Below is the flow :
Client ----HTTPS (443)--->LTM ----> HTTPS (8443)
A customer requires LTM to do the SSL offloading to achieve this, however, I have configured client SSL profile (with certs/keys imported on it). The server listens on Port 8443 only.
Is it required to configure server SSL profile here? If yes, can I use the default serverssl profile.
Yes in this case you need a:
- client ssl
- server ssl
Yes you can use serverssl defaul porfile, I advise you to use "serverssl-insecure-compatible" for server ssl profile. And of course is required in your case.

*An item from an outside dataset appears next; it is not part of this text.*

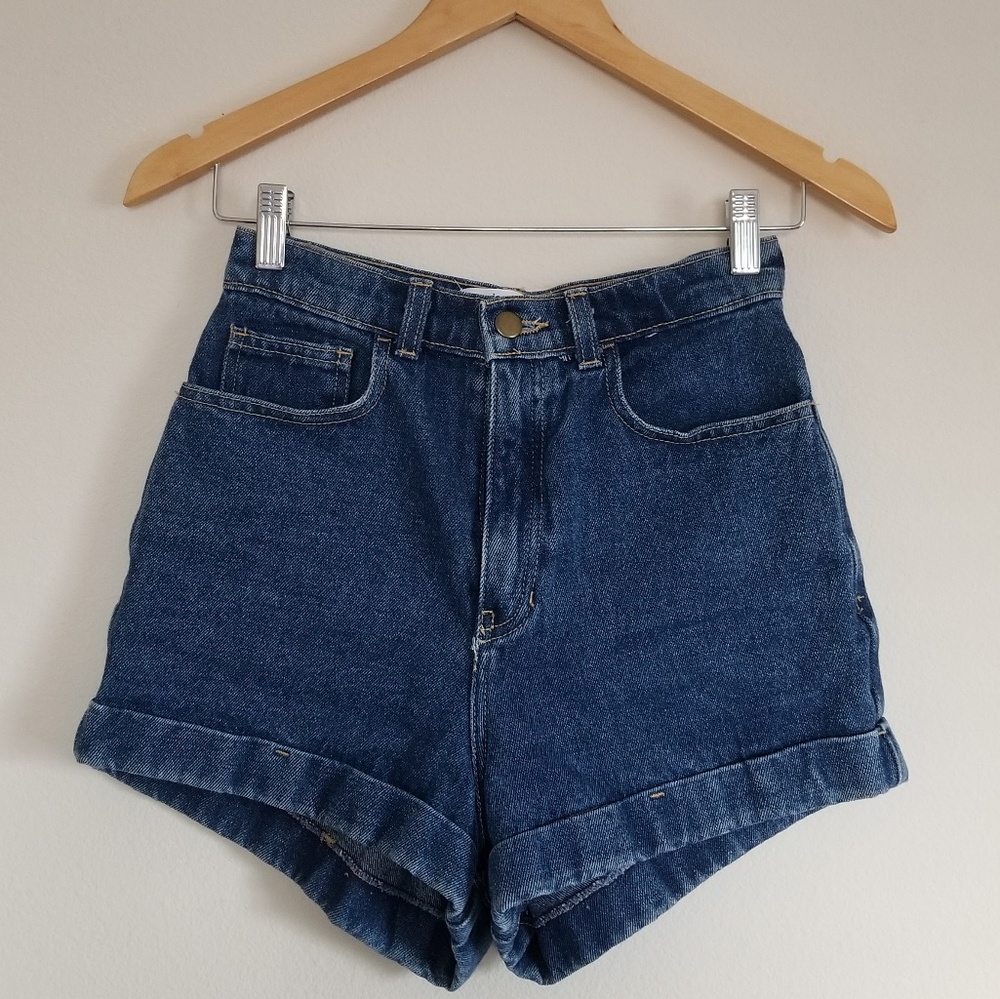 American Apparel Denim High-Waist Cuff Short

Just keep in mind that serverssl-insecure-compatible profile types to allow negotiation of weak Secure Sockets Layer (SSL) ciphers for a BIG-IP virtual server. The cipher lists for the clientssl-insecure-compatible profile include some deprecated ciphers, such as DES-CBC-SHA and all MD5 cipher suites. It will allow you to negotiate with your backend even if it use depreciate cipher or use bade cert (not signed by trusted CA, ...)
If the backend server is listening to HTTPS at port 8443, you need a serverssl profile. I always start with the serverssl-insecure-compatible profile, just to confirm it is working. Then replace the profile with a more secure profile.
You must ask these questions :
does the client side connection requires ssl?
If yes, assign a client ssl profile
does the server side connection requires ssl?
If yes, assign a server ssl profile
Thank you all.
I will test the flow and get back with my observations.